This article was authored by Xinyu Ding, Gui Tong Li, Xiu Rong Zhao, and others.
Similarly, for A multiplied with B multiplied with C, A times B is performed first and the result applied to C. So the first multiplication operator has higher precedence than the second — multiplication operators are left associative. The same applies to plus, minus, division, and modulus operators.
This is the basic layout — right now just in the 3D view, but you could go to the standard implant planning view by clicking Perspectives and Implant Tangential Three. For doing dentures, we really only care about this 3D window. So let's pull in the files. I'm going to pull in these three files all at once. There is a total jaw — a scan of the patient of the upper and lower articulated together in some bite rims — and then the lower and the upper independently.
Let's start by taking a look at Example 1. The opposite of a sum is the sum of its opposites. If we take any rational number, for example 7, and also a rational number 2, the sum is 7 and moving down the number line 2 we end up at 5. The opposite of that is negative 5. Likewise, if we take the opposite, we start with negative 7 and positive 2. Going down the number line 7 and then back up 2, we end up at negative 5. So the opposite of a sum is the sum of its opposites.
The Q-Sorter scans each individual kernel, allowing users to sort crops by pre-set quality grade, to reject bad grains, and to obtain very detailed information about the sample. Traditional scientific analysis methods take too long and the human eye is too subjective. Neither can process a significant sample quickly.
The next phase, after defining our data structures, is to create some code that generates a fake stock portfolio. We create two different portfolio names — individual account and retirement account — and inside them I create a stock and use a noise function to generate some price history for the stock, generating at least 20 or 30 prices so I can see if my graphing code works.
::::::::::
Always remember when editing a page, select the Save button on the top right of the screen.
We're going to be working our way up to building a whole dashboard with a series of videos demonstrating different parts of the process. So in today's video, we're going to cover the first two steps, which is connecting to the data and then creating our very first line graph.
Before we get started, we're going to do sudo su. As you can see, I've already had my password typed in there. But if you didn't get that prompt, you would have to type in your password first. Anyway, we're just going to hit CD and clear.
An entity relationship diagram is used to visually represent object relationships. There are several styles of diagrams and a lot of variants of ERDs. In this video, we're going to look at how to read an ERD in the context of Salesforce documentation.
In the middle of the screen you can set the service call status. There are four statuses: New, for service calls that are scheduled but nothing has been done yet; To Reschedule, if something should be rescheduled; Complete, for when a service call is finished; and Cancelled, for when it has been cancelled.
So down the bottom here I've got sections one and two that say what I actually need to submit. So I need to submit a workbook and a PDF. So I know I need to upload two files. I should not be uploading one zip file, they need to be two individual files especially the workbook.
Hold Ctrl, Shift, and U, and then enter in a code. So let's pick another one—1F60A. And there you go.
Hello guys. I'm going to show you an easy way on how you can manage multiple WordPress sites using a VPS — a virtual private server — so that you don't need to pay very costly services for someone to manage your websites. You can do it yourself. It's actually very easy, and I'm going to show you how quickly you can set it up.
::::::::::
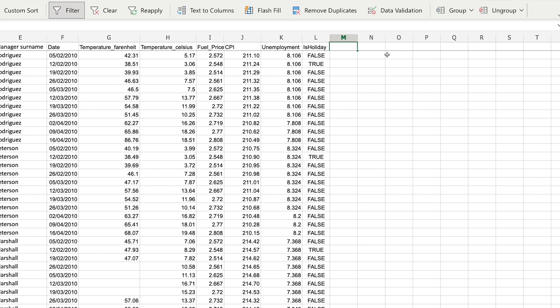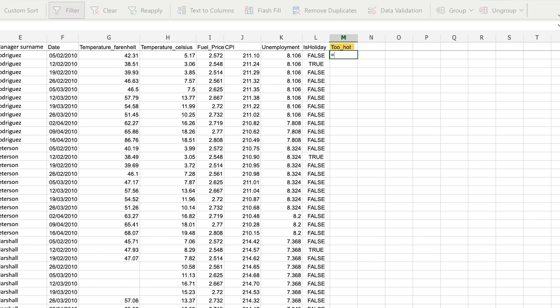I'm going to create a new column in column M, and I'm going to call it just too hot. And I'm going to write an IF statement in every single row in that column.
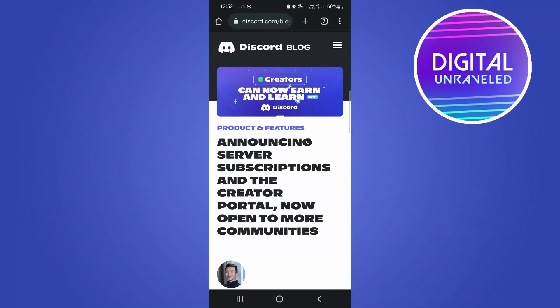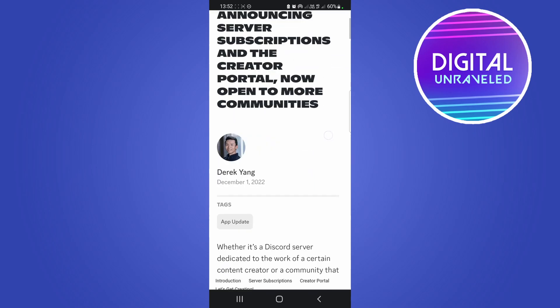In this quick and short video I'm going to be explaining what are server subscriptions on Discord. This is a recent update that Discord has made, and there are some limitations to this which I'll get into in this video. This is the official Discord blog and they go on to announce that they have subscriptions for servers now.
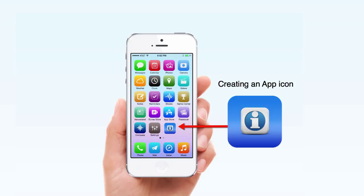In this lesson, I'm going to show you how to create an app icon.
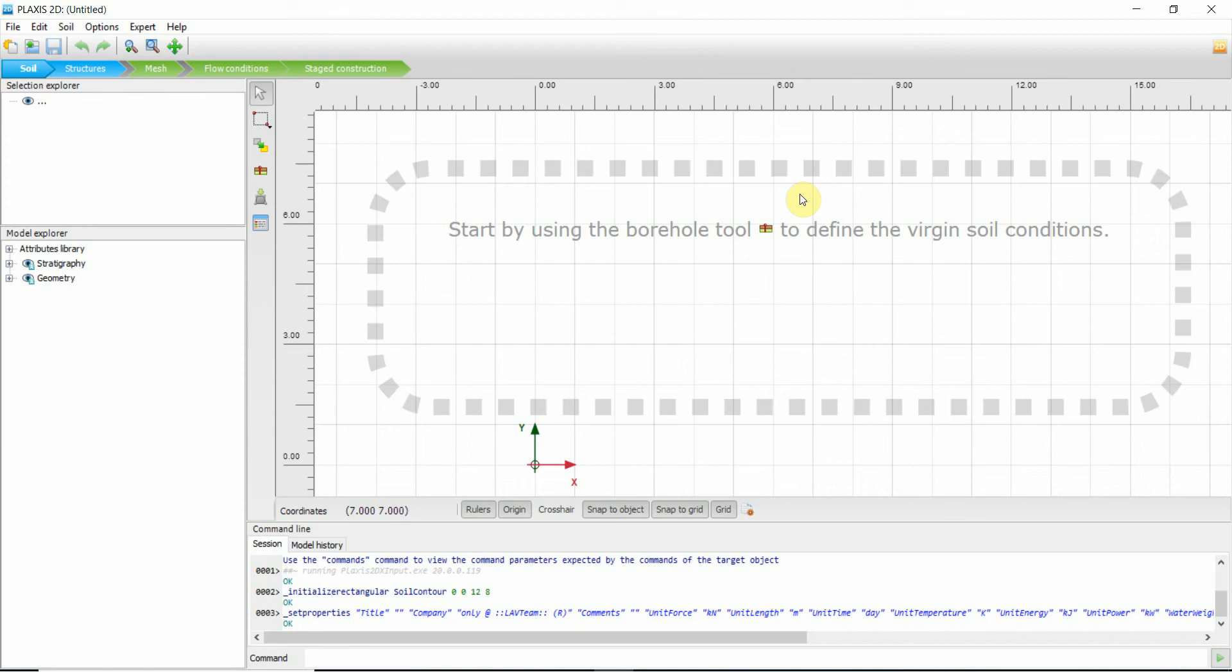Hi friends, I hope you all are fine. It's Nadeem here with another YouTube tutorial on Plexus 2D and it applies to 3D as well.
::::::::::
• PROBLEM: From the records above, quote only the lines running from the line with "This article was" to the line with "This is the basic", both lines included.

• EXERCISE RESPONSE:
This article was authored by Xinyu Ding, Gui Tong Li, Xiu Rong Zhao, and others.
Similarly, for A multiplied with B multiplied with C, A times B is performed first and the result applied to C. So the first multiplication operator has higher precedence than the second — multiplication operators are left associative. The same applies to plus, minus, division, and modulus operators.
This is the basic layout — right now just in the 3D view, but you could go to the standard implant planning view by clicking Perspectives and Implant Tangential Three. For doing dentures, we really only care about this 3D window. So let's pull in the files. I'm going to pull in these three files all at once. There is a total jaw — a scan of the patient of the upper and lower articulated together in some bite rims — and then the lower and the upper independently.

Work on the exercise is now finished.